Store, Sell or Consume?
In the picturesque surroundings of Järvenpää, Finland, a state-of-the-art distribution centre, operated by the German retail giant Lidl, provides a striking example of how artificial intelligence (AI) can combine with distributed power generation to optimise ‘prosumption’—that is, the on-site production and consumption of energy by ‘prosumers’.
Powered entirely by renewable energy, the building’s microgrid incorporates a 1,600-panel solar plant and a huge battery storage system. Excess energy recovered from the centre’s refrigeration facilities helps to heat the water of 500 local homes. Its battery system balances consumption spikes and ensures Lidl and the larger community have greener, more cost-effective energy access.
Growing role of prosumers in the new energy landscape
Crucially, all this is coordinated through a sophisticated software system that leverages real-time data analysis and predictive machine learning algorithms to assist site managers in digitally optimising facility operations. In this sense, Lidl’s Järvenpää warehouse exemplifies AI’s ability to maximise the efficiency with which prosumers create and use energy.
And, as growing numbers of businesses and households turn to low-cost advancements in distributed energy technologies—from rooftop solar panels to small wind turbines—to reduce emissions and energy spend, and gain a degree of energy independence, the importance of AI for prosumers is only set to increase.
Businesses need support making large-scale decisions regarding cost efficiencies—especially as some organizations face closure amid spiralling energy prices. If they had the technology to predict peak energy prices and rely on their own energy production or storage, could they pause usage and resume at a cheaper time?
Leveraging AI to optimise energy consumption for prosumers
The answer is yes—if the prosumers know when those peak price times will happen, and if they can forecast their energy needs, then they can make adjustments to keep the business afloat using just the energy available outside those times. Gaining this knowledge requires a solid data foundation, with AI turning data into deep insights, predictions and trends. With AI’s support, prosumers worldwide can take one step closer to not only solving their own energy cost crises, but climate change itself. The accumulation of many “small” impacts for each prosumer can have a drastic impact on the well-known “energy peak” at the region or country level.
AI already supports prosumers in optimising their usage decisions.
By leveraging up-to-the-minute energy price analysis, AI already supports prosumers in optimising their usage decisions. By crunching historical data, AI can accurately forecast future energy needs and proffer informed recommendations on cost-saving measures like prioritising off-peak consumption.
Unlocking AI-powered supply-side efficiency for prosumers
But besides supporting prosumers in optimising their energy use, AI can also help them maximise the efficiency of their production and supply.
One of the great strengths of modern prosumption is that it’s focused on the production of electricity from renewable sources—which is fundamental to ending our dependence on fossil fuels.

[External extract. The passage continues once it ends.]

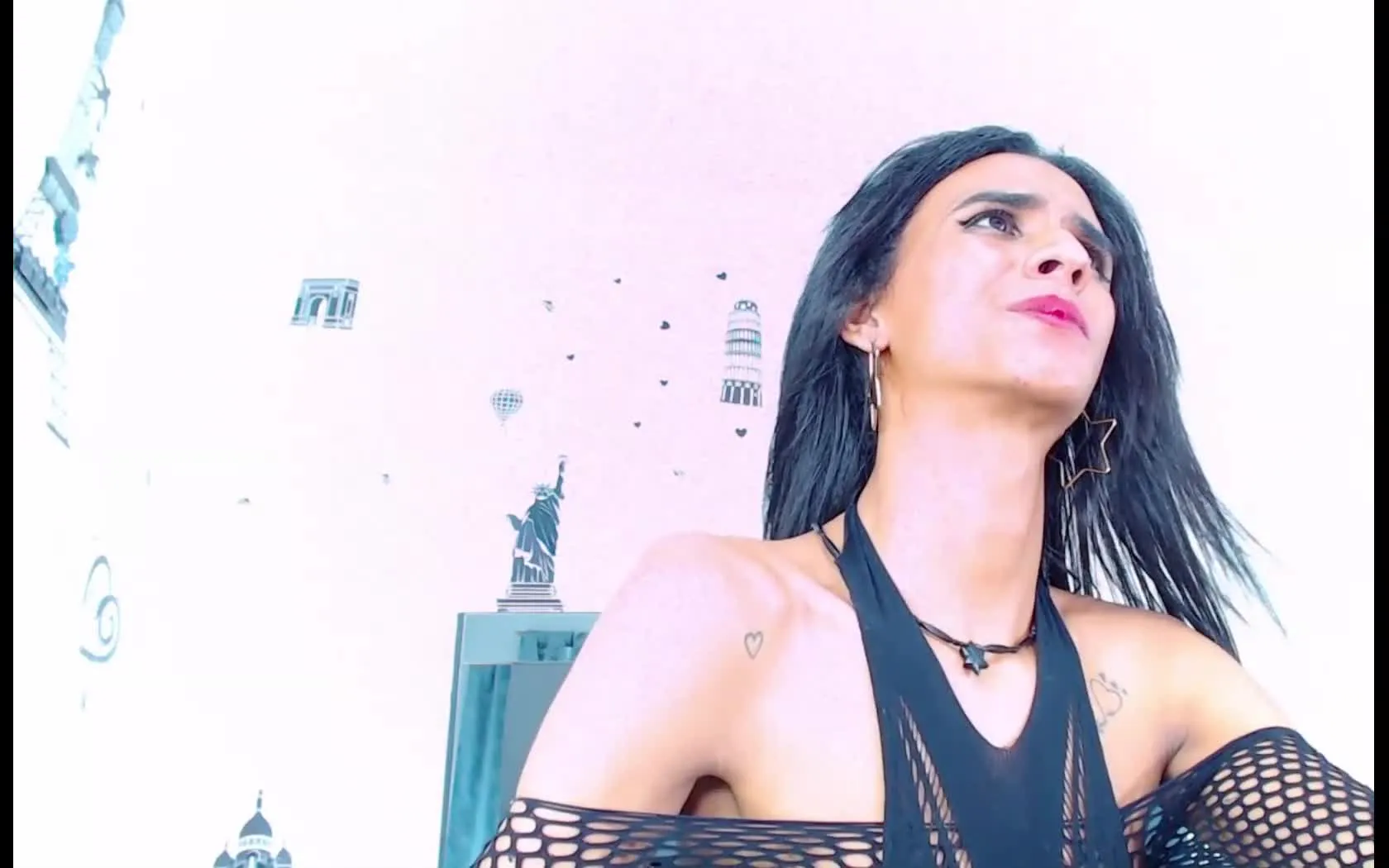 Artiest Kylierosales Video 1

Indeed, electricity is unique in that its cost and environmental friendliness go hand-in-hand. When electricity is cheap, it’s typically emanating from renewable sources. By that same token, during expensive peak times, it’s often carbon heavy.
At a microgrid level, AI already enables prosumers to optimise the moments at which they buy, sell or store the energy they’ve produced, thus prioritising cheaper, more planet-friendly tariffs.

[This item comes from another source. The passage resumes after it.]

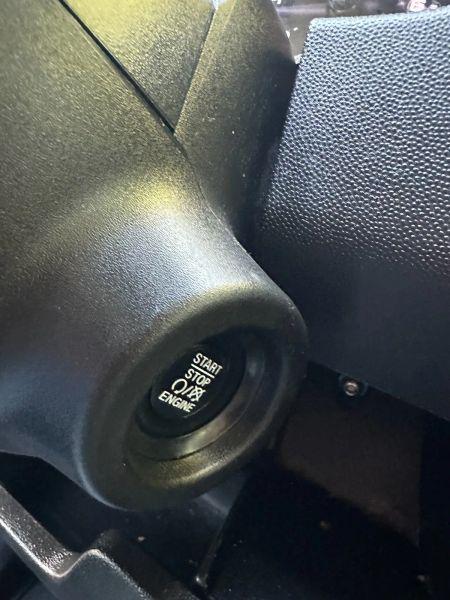 2022 Ram ProMaster Cargo Van High Roof 159" WB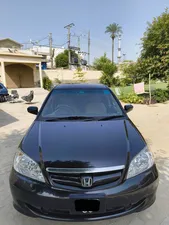 Honda Civic VTi 1.6 2005 for Sale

And as technology evolves, AI will empower us to gather and investigate increasingly vast quantities of previously inaccessible and unstructured data. Prosumers—be they households, residential communities, companies, or other entities—need the ability to leverage these insights to their advantage.
[I]nstead of simply collecting data on energy efficiency, prosumers need to adopt a proactive mindset
Infusing AI into the heart of a building
Take buildings, which are the source of some 37 per cent of global carbon emissions. Technologies like smart meters already provide clear visibility into energy consumption and waste in the built environment.
But, moving forward, instead of simply collecting data on energy efficiency, prosumers need to adopt a proactive mindset and ask: “how can I make this data work for me?” Again, AI provides a solution.
In our North American R&D hub in Boston, for example, the facility’s advanced microgrid includes 1,379 solar modules, alongside photovoltaic inverters for on-site power generation.
And by leveraging cloud-based analytics from our EcoStruxture Microgrid Advisor platform, the facility also harnesses weather forecasts and other operational information to optimise energy performance across onsite solar, energy storage, and electric vehicle charging assets.
Consequently, the hub generates over 520,000 kilowatt-hours (kWh) of electricity per year. That’s the equivalent of removing annual greenhouse gas emissions from more than 2,400 passenger vehicles.
All this is to show that AI will be fundamental to ensuring that prosumers get the most out of the power they generate, consume, store, or sell back to the grid.
No other technology empowers us to make impactful, data-driven decisions on efficient energy use in real-time. Given the increasingly urgent planetary crisis we face, it’s time we embrace its full potential.